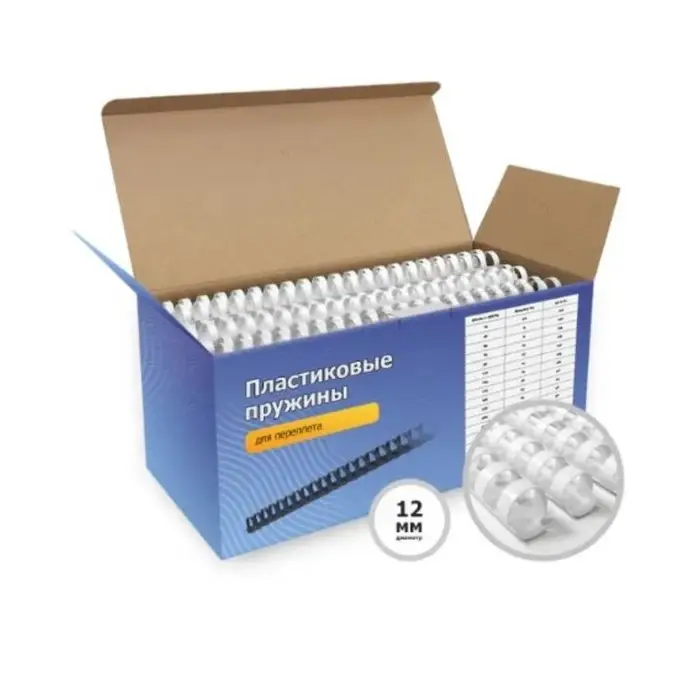 Пружины для переплета пластиковые, d=12 мм, 100 штук, сшивают 56-91 лист, белые, Гелеос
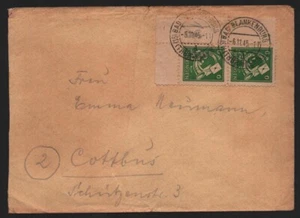 B12979 SBZ Brief Thüringen 1945 2x 95 Eckrand bad Blankenburg nach Cottbus - Picture 1 of 2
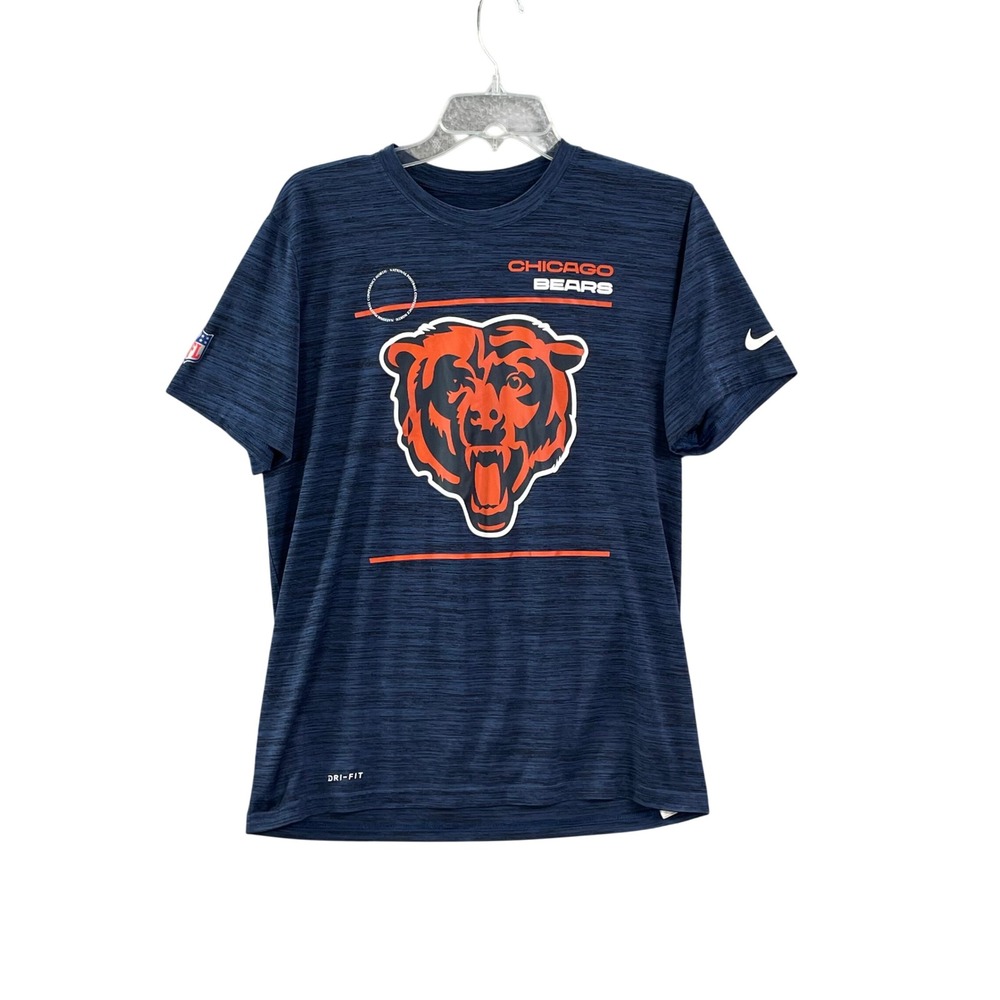 Nike Chicago Bears T-Shirt Mens Medium Blue NFL Onfield Dri-Fit Graphic Tee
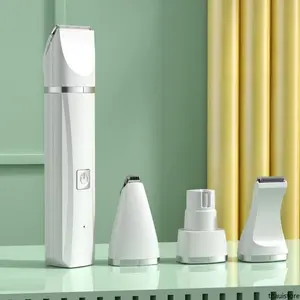 4 in 1 Pet Clipper Alat Cukur Bulu Kucing Anjing Cukur Bulu Kucing Elektrik Grooming Hewan sisir kutuk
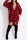 Red Fashion Casual Plaid Print Basic Turndown Collar Long Sleeve Dresses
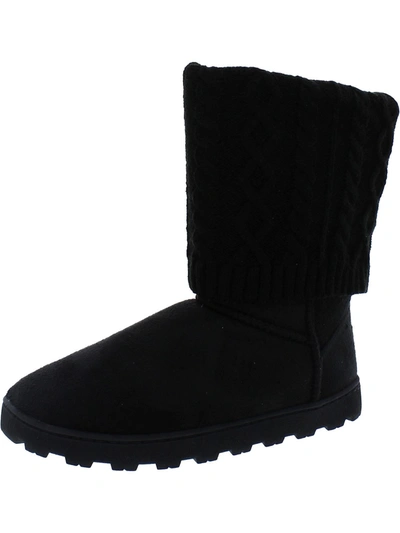 C&c California Cozy Womens Faux Suede Knit Mid-calf Boots In Black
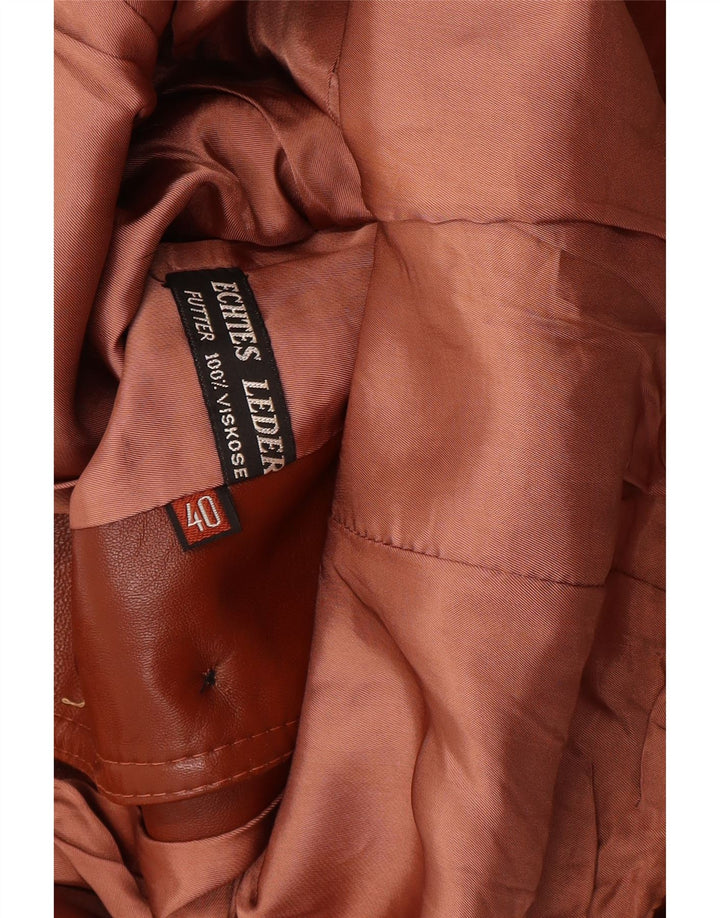 vintage Femme 3 Boutons Veste Blazer En Cuir IT 40 Petit Cuir Marron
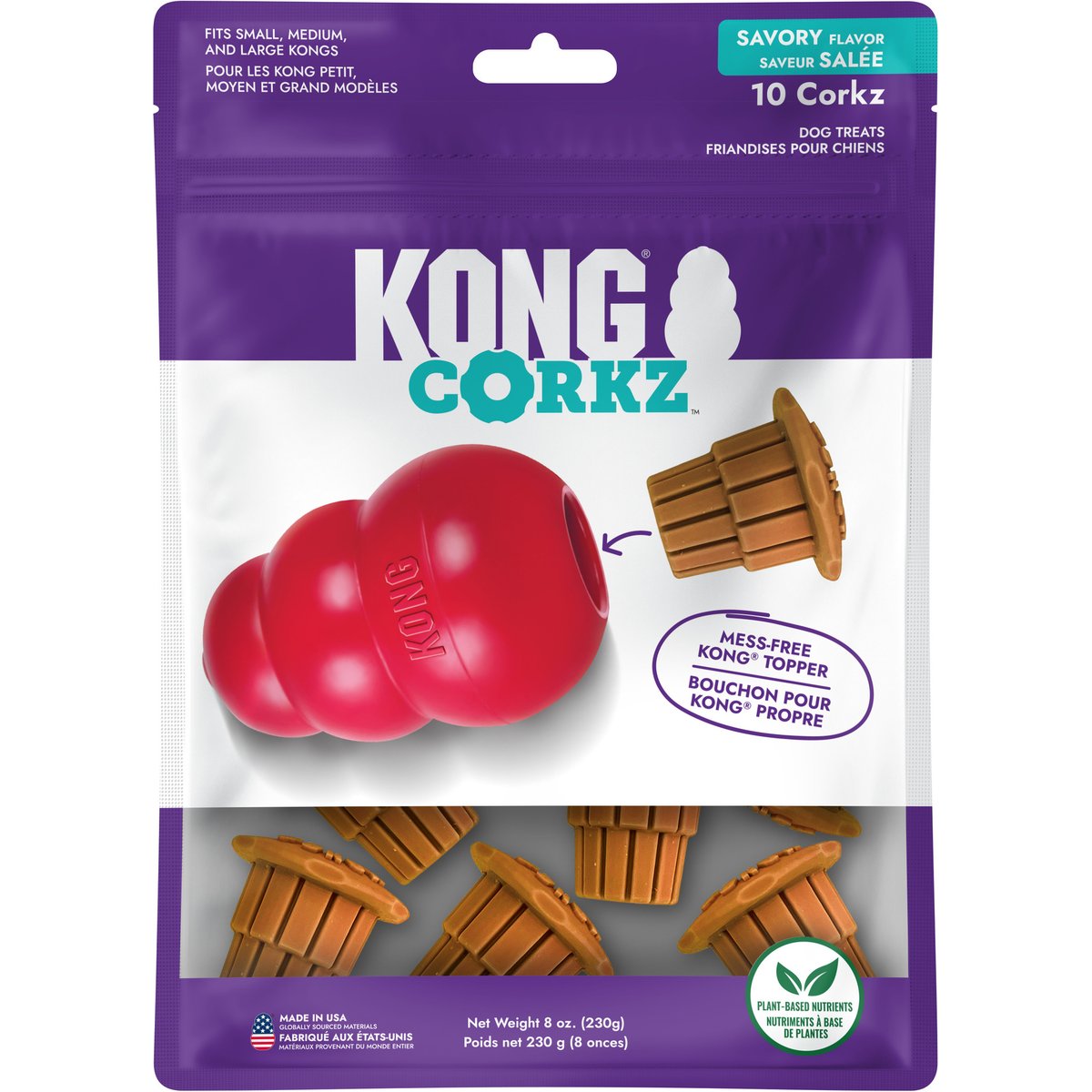 KONG Corkz Savory Flavor Lickable Dog Treats, 8-oz bag, 10 count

▶ **Activity**
Only the lines from the one containing "C&c California Cozy" to the end of the listing belong in the answer, exactly as they stand and with no pictures.

▶ **Response area**
 C&c California Cozy Womens Faux Suede Knit Mid-calf Boots In Black
 vintage Femme 3 Boutons Veste Blazer En Cuir IT 40 Petit Cuir Marron
 KONG Corkz Savory Flavor Lickable Dog Treats, 8-oz bag, 10 count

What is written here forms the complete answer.